Très jeune, Hamza se démarque déjà de ses frères par son tempérament créatif et une queerness affirmée qui nourrira plus tard ses fantasmes parisiens et son goût pour la provocation. Avant le 7 octobre, il n’avait d’ailleurs jamais trop su de quelle façon s’introduire aux autres : quelle part de son identité était acceptable aux yeux du monde ? Celle de fils de résistant palestinien ou de l’Arabe queer un tantinet bourgeois qui arpente les bars du centre-ville d’Amman ? Ou encore, l’artiste en exil fantasmé par une scène parisienne qui peine encore à déconstruire son white-saviorism ? Depuis trois mois, les choses lui semblent plus claires : « Aujourd’hui, je me sens obligé de rappeler que je suis Palestinien, queer, et que j’existe. »

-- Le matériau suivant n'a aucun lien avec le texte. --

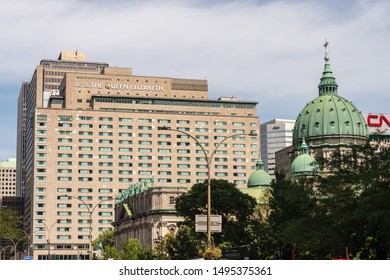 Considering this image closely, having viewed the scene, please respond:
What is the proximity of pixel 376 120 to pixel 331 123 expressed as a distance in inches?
529

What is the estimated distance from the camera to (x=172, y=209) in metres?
156

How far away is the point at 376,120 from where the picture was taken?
187 metres

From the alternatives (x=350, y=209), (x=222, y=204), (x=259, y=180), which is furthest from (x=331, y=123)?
(x=350, y=209)

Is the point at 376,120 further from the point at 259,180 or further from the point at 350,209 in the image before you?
the point at 350,209

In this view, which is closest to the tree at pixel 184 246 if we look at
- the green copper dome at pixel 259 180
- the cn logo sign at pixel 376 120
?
the green copper dome at pixel 259 180

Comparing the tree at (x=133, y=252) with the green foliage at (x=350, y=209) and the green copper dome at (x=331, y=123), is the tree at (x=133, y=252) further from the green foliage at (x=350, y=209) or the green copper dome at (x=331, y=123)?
the green copper dome at (x=331, y=123)

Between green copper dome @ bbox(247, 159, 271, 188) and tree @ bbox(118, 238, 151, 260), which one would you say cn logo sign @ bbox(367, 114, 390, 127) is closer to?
green copper dome @ bbox(247, 159, 271, 188)

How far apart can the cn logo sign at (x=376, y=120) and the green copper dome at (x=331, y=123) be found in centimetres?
167

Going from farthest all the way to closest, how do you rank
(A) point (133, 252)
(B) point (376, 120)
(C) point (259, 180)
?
(B) point (376, 120) < (C) point (259, 180) < (A) point (133, 252)

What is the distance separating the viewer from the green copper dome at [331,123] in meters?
180

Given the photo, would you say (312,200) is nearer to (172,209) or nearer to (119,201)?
(172,209)

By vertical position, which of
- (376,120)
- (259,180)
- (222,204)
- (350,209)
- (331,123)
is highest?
(376,120)

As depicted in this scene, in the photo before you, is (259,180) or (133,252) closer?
(133,252) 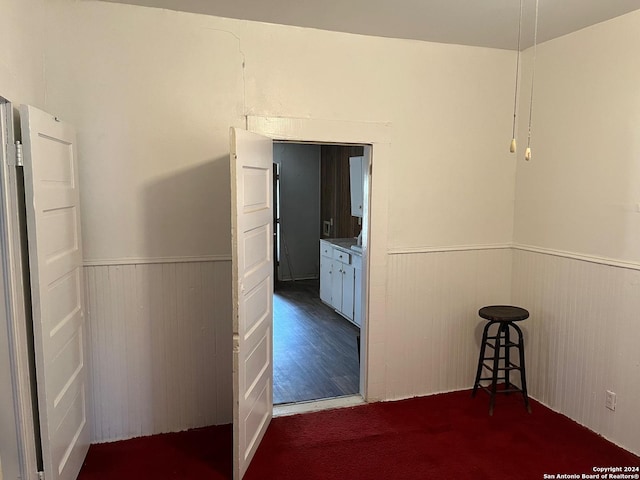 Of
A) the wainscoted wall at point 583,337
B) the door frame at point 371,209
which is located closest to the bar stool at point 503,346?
the wainscoted wall at point 583,337

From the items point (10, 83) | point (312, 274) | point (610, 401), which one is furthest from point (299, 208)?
point (10, 83)

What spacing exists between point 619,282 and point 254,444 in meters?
2.25

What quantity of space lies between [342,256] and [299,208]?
2.50m

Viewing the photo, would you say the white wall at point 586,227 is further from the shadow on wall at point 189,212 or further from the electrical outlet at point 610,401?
the shadow on wall at point 189,212

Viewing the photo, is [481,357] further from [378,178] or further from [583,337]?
[378,178]

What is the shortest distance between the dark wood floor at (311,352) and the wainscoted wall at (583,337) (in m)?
1.35

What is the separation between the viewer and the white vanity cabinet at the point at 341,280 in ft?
16.4

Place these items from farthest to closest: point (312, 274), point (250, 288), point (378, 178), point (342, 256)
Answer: point (312, 274) → point (342, 256) → point (378, 178) → point (250, 288)

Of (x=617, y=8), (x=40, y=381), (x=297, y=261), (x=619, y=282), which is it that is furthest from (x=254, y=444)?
(x=297, y=261)

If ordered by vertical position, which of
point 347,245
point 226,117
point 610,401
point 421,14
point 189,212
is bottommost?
point 610,401

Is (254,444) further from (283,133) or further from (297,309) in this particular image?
(297,309)

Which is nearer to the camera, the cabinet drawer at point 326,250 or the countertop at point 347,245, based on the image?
the countertop at point 347,245

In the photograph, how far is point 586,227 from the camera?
2.89 metres

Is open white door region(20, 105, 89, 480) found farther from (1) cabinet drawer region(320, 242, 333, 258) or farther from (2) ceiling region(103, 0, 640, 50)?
(1) cabinet drawer region(320, 242, 333, 258) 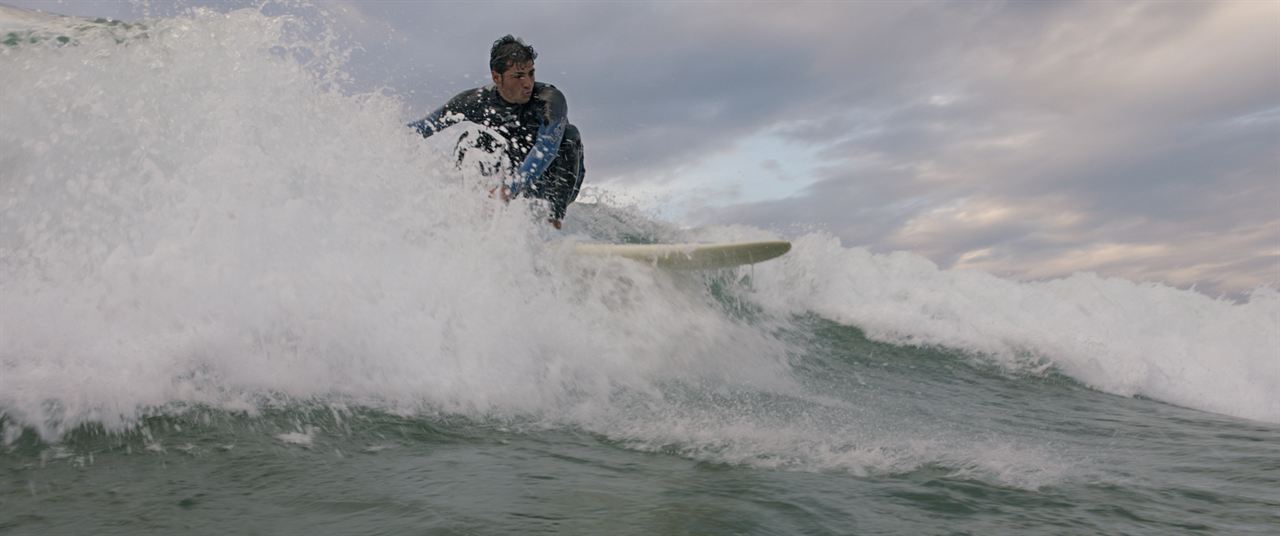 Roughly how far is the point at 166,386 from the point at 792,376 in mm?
4254

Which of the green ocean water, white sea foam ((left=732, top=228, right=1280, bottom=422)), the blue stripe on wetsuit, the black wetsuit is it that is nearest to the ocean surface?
the green ocean water

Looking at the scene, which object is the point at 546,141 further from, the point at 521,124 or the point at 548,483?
the point at 548,483

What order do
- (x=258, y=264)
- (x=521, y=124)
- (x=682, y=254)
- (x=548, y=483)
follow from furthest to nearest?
(x=521, y=124)
(x=682, y=254)
(x=258, y=264)
(x=548, y=483)

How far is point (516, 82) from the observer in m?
6.06

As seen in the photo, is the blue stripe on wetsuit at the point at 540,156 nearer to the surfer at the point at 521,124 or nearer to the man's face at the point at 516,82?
the surfer at the point at 521,124

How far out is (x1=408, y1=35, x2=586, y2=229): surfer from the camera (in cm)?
600

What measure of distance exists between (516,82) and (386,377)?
10.0 ft

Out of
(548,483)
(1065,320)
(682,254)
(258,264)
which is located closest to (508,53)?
(682,254)

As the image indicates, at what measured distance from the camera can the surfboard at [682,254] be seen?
567 centimetres

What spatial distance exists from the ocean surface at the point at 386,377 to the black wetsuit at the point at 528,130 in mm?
369

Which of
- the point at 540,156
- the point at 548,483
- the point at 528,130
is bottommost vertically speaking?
the point at 548,483

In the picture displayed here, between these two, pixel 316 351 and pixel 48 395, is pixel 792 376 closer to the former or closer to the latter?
pixel 316 351

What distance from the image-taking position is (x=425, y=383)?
3.67 meters

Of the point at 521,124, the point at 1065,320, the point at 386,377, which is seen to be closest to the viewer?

Face à l’instrumentalisation des luttes LGBTQI+ par Israël pour justifier son génocide – des soldats brandissaient en novembre dernier le Rainbow flag sur les ruines de Gaza – la communauté queer palestinienne s’est engagée plus franchement pour affirmer son soutien à la résistance. En novembre, le collectif Queers in Palestine publiait une tribune dans laquelle il affirmait : « Nous refusons les tactiques coloniales et impérialistes qui visent à nous aliéner de notre société sur la base de nos vécus queers. (…) Il n’y a aucune libération queer qui puisse être acquise par la colonisation, et aucune solidarité queer ne peut être favorisée si elle reste aveugle face aux structures racialisées, capitalistes, fascistes et impériales qui nous dominent. »
J’ai discuté avec Hamza, qui nous ouvre les portes de son intimité pour poser ses propres mots sur une identité que le monde ne cesse de vouloir définir à sa place. Moins contradictoire qu’il n’y paraît, il raconte avec humour et émotion une histoire dont le fil rouge n’est autre que celui d’une profonde quête de liberté, et dont la véracité contredit tous les préjugés racistes qui collent encore à la Palestine.
VICE : Tes parents viennent d’où en Palestine ? Hamza : Mes parents viennent tous les deux de Al Khalil, ou Hébron, en Cisjordanie. Dès les années 1960, mon père s’est engagé dans la résistance palestinienne. Il a été fait prisonnier par le gouvernement israélien avant d’être libéré à la condition qu’il parte vivre en exil. Il était interdit de territoire à travers toute la Palestine, et s’est donc installé à Amman où je suis né et j’ai grandi. À l’époque, j’avais que très peu de conscience de ses combats politiques, il voulait nous protéger de tout ça. On peut plus ou moins dire que j’ai été élevé dans une bulle.
Ma mère, c’est comique… Elle vient d’un milieu relativement bourgeois, avec un capital social, un nom de famille, une éducation et du succès. Sa famille était propriétaire d’un hammam, son père avait deux femmes et 17 enfants… C’était vraiment le bordel, mais ma tante aînée a quand même été l’une des premières femmes d’Al Khalil à faire ses études à la fac ! Ma mère a grandi dans ces contradictions : entre bourgeoisie et tradition, entre les nuits de Beyrouth, Damas et Jérusalem.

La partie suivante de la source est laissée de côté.